Country music thumps from the public address system as a work crew finishes the 4-foot-high platform. Two men swab the maroon-and-gray wrestling mat on the stage. In a few hours, the seats will fill and the house lights will dim in the cavernous Bison Sports Arena. Spotlights will flash on the gold-bunted stage. Dan Russell will stand in the light for the last time at the NCAA Division II wrestling championships.

Up in the lobby of the North Dakota State field house, the weight class brackets have been hung. At 167 pounds, the 1991 Division II championship is down to two men. They are both champions. Russell, who has won three titles at 150 and 158 pounds, will face Howard Moore of Central State of Oklahoma. Moore won the 167-pound weight class last year.

Across the empty hall, the shaggy head of a buffalo hangs over a trophy case. The bison is not the only vanishing species in Fargo this bitter March night. In a few hours, Dan Russell will fight to become the second wrestler in history to win four Division II titles. He will go on to the Division I championships and capture the imagination of 14,000 as he strains to become the last Division II athlete to win wrestling's biggest prize.

Russell's senior season has been just a prelude to five final five days of competition. In the brown February of Colorado, in the frozen winds of North Dakota, in the snow in Iowa, the second season will be a time of wrestling with himself.

The second season began Feb. 23 at the Division II Western Regional in Golden, Colo. At 3:08 p.m., Russell cemented a decision he debated all year. He stepped backward on the ancient blue scales in the locker room at Colorado School of Mines. He weighed 166 pounds, one pound under. There would be no rematch with Pat Smith, Oklahoma State's 158-pound champ who beat Russell at the Division I nationals last year. Russell had cast his lot among the horses at 167 pounds.

One stood next to him. Bill Pedersen of San Francisco State packed a weightlifter's build on his 6-foot-1-inch frame. He had dropped from 205 pounds to compete at 167.

Russell has a way of reeling back the Arnold Schwarzenegger look-alikes. Conditioning, technique and intensity are the equalizers. Russell tossed Pedersen like a straw man in the regional finals. He pinned him in the second period.

The Portland State team performed well in Colorado. The Vikings qualified seven wrestlers for the Division II nationals. A third team title seemed within reach.

The dream froze to death in North Dakota. The Vikings finished fifth. But the team competed well. Eric Winters placed seventh. Tony Champion was as reliable as the Dakota wind. In the finals, he defeated Joe Wypiszenski of Nebraska-Omaha for the second straight year and won his third title.

And then there was Russell.

At 7:49 p.m. on the night of March 2, he climbed the platform in the Bison Sports Arena. His father, Rick, pulled him aside.

"Dan, do you realize how fortunate you are to be able to come up here tonight onto this stage and stand at the gate you are standing at?" his father asked.

"Do you know how many people live their whole lives and never get to experience that?

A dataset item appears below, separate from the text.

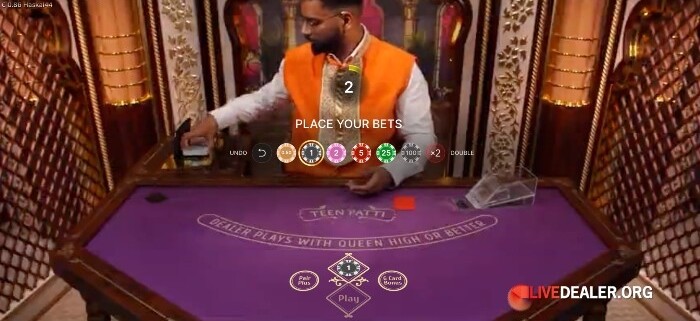 Teen Patti placebets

Win or lose, it's just an honor to be able to stand at this gate. So enjoy it."

He did.

Russell exploded into Moore. Fifteen seconds into the bout, it was clear Moore could not cope with Russell's horsepower. One hundred seconds into the bout, it was over.

They were on the edge when it ended. Russell had Moore's head under his arm in a front headlock when he saw the opening. Moore was vulnerable for a move Russell learned long ago. It was called a knee tap. His body remembered.

The crowd roared as Russell finished the fall. He dragged Moore in bounds like a piece of heavy luggage. Then he bore down. The thump of the ref's hand signaled the fall.

Russell leaped high as applause erupted. Flashbulbs dotted the darkened arena like summer fireflies. Russell came to rest and stood in the white light. The referee raised his arm. The mask of tension floated clear. He grinned. He had done it. He was the second man to win four. For a moment, there was no pressure. No self-doubt. No creeping dread. Just this moment in the dark.

Later, at a Fargo restaurant, Dan joked with his teammates and his brother. Joe and Tiffany Russell drove five hours from Minneapolis through a snowstorm to witness Dan's moment. After the last bout, they cheered as Dan took a bow. He had been named Outstanding Wrestler at the tournament for the third year. No one had won three before.

"I'm glad this is over," Dan said. "Now the pressure is off."

It would return soon enough.

The wind blew hard out of the northwest as the plane carrying Portland State's team of one approached Cedar Rapids, Iowa.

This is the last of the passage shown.